The demonstration that BAMM does not provide reliable estimates of branch-specific diversification-rate parameters should come as no surprise. The inability of BAMM to provide reliable estimates of the posterior distribution of branch-specific rate parameters is unsurprising, given our formal proofs that: (1) the likelihood function used by BAMM is incorrect (it cannot correctly compute the probability of the data when rates of diversification vary), and; (2) the CPP prior model used by BAMM is incoherent (it cannot correctly specify the probability distribution of rates across branches of the tree). The posterior distribution is an updated version of the prior distribution, where the prior is updated by the information in the data via the likelihood function. Given our demonstration that the likelihood function in BAMM is invalid, and our demonstration that the prior model in BAMM is invalid, it is unreasonable to expect that, somehow, the posterior estimates of the parameters will be reliable.

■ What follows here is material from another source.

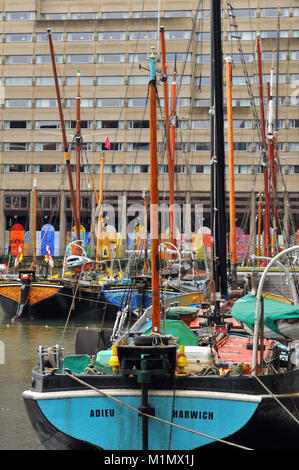 Bunte alte Thames Lastkähne in St. Catherine's Dock günstig auf der Themse in London vor einigen modernen konkrete Wohnungen oder Wohnhäusern. Stockfoto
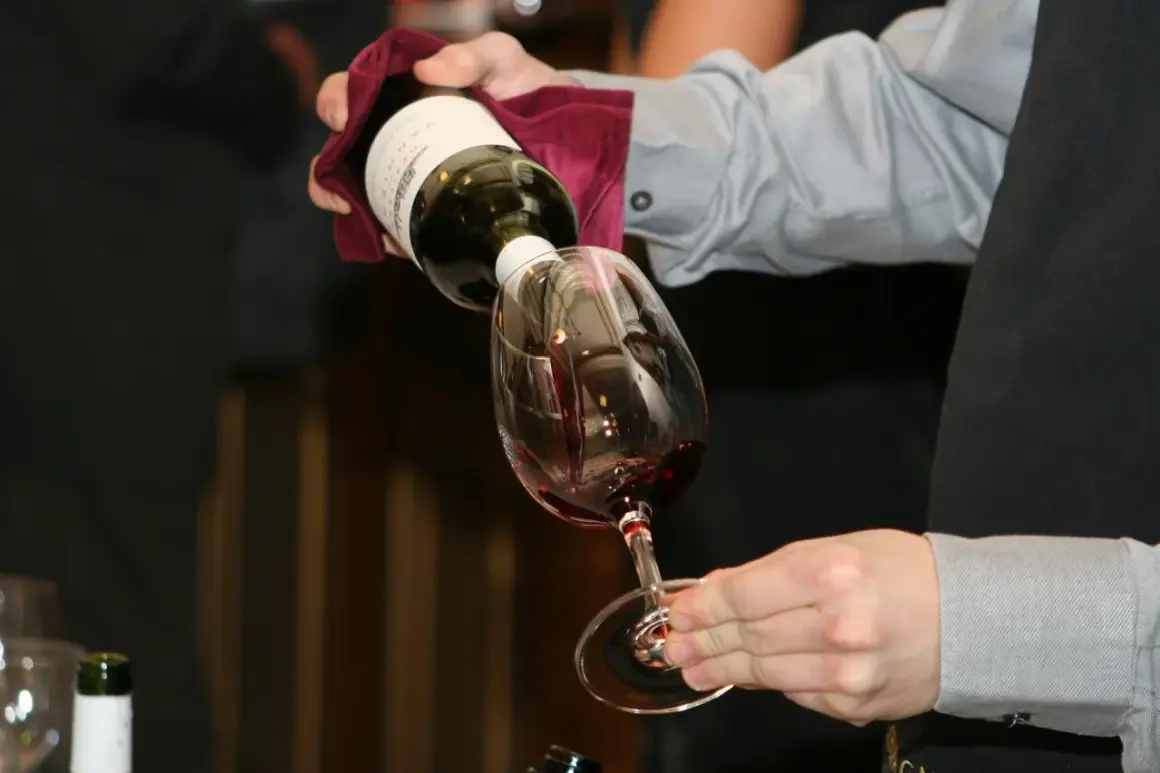Un serveur verse du vin rouge dans un verre. Le **dépôt de vin blanc** sur la bouteille est visible.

We wrote our paper because we believe that it is in the best interest of our community to expose the serious problems with BAMM. Our significance statment makes this clear: “Exposing the problems with BAMM is important both to empiricists (to avoid making unreliable inferences using this method) and to theoreticians (to focus their efforts on solving the problems that we identify).” We are dismayed by Rabosky’s response to our paper. Rather than trying to correct the problems afflicting BAMM (i.e., to develop a correct likelihood function and a coherent prior model), he has resorted to making demonstrably false statements about our study and attempting to dismiss our conclusions by manipulating our results. These efforts will not resolve the problems with BAMM; they can only serve to cause confusion regarding the problems with BAMM. In this regard, we are troubled that Rabosky is putting his own interests above those of our community.

Data availability

All of the phylogenetic data and BAMM config files used for this blog post are publicly available as a BitBucket repository.

References

Moore, BR, S Höhna, MR May, B Rannala, and JP Huelsenbeck. 2016. Critically evaluating the theory and performance of Bayesian analysis of macroevolutionary mixtures. Proceedings of the National Academy of Sciences, USA, (in press).

Rabosky DL. 2014. Automatic detection of key innovations, rate shifts, and diversity-dependence on phylogenetic trees. PLoS One, 9:e89543.

Rabosky DL. 2016. The Moore et al (2016) use of developer switch “random” was not scientifically justified. link

Steeman, ME, MB Hebsgaard, RE Fordyce, SY Ho, DL Rabosky, R Nielsen, C Rahbek, H Glenner, MV Sørensen, and E Willerslev. 2009. Radiation of extant cetaceans driven by restructuring of the oceans. Systematic Biology, 58:573–585.